We retired a thousand yards up the valley’s scrubby bed to ambush for the intolerable day. As the hours passed the sun increased, and shone so closely upon our radiant trench that we felt crowded by its rays. The men were a mad lot, sharpened to distraction by hope of success. They would listen to no word but mine, and brought me their troubles for judgement. In the six days’ raid there came to a head, and were settled, twelve cases of assault with weapons, four camel-liftings, one marriage, two thefts, a divorce, fourteen feuds, two evil eyes, and a bewitchment.

These decisions were arrived at despite my imperfect knowledge of Arabic. The fraudulence of my business stung me. Here were more fruits, bitter fruits, of my decision, in front of Akaba, to become a principal of the Revolt. I was raising the Arabs on false pretences, and exercising a false authority over my dupes, on little more evidence than their faces, as visible to my eyes weakly watering and stinging after a year’s exposure to the throb, throb of sunlight.

We waited that day, and night. At sunset a scorpion scuttled out of the bush by which I had lain down to make note of the day’s weariness, and fastening on my left hand struck me, it seemed repeatedly.

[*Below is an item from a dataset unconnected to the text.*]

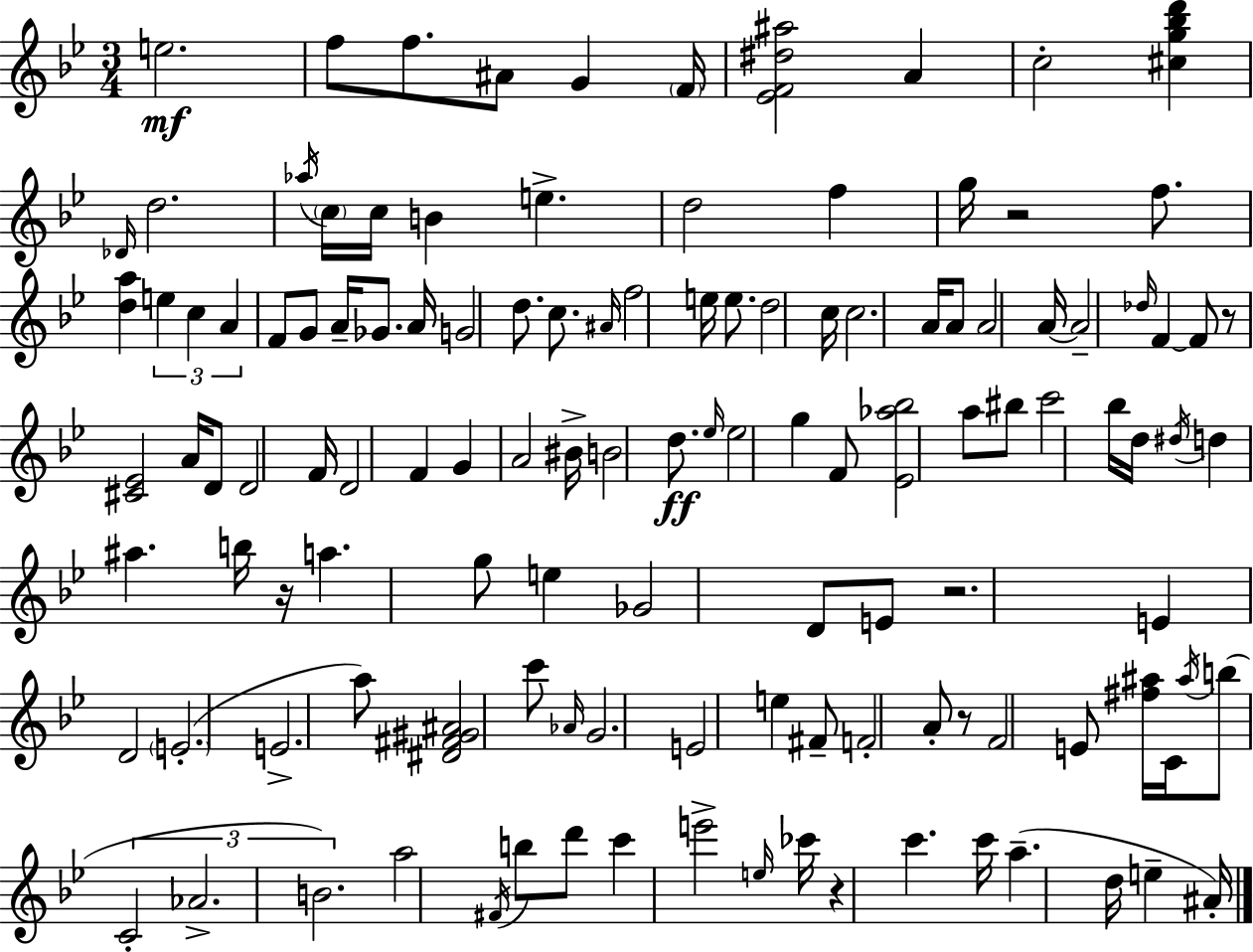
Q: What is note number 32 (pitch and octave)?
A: F5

The pain of my swollen arm kept me awake until the second dawn: to the relief of my overburdened mind, for its body became clamant enough to interrupt my self-questioning when the fire of some such surface injury swept the sluggish nerves.

Yet pain of this quality never endured long enough really to cure mind-sickness. After a night it would give way to that unattractive, and not honourable, internal ache which in itself provoked thought and left its victim yet weaker to endure. In such conditions the war seemed as great a folly as my sham leadership a crime; and, sending for our sheikhs, I was about to resign myself and my pretensions into their puzzled hands, when the fugleman announced a train.

It came down from Maan, a water-train, and passed over the mine without accident. The Arabs thanked me, for a booty of water was not their dream. The mine-action had failed; so at noon, with my pupils, I went down to lay an electric mine over the lyddite, that the detonation of one might fire the other. For concealment we trusted to the mirage and midday drowsiness of the Turks; justifiably, for there was no alarm in the hour we spent burying the charge.

From the southern bridge we brought the electric leads to the middle bridge, whose arch would conceal the exploder from a train overhead. The Lewis guns we put under the northern bridge, to rake the far side of the train when the mine went off. The Arabs would line the bushes of a cross-channel of the valley three hundred yards our side of the railway. We waited afterwards throughout a day of sunlight and flies. Enemy patrols marched actively along the line morning, afternoon and evening.

On the second day, about eight in the morning, a pillar of smoke left Maan. At the same time the first patrol approached. They were only half a dozen men, but their warning would deter the train; and we watched strainingly, in wonder which would win the race. The train was very slow, and sometimes the patrol halted.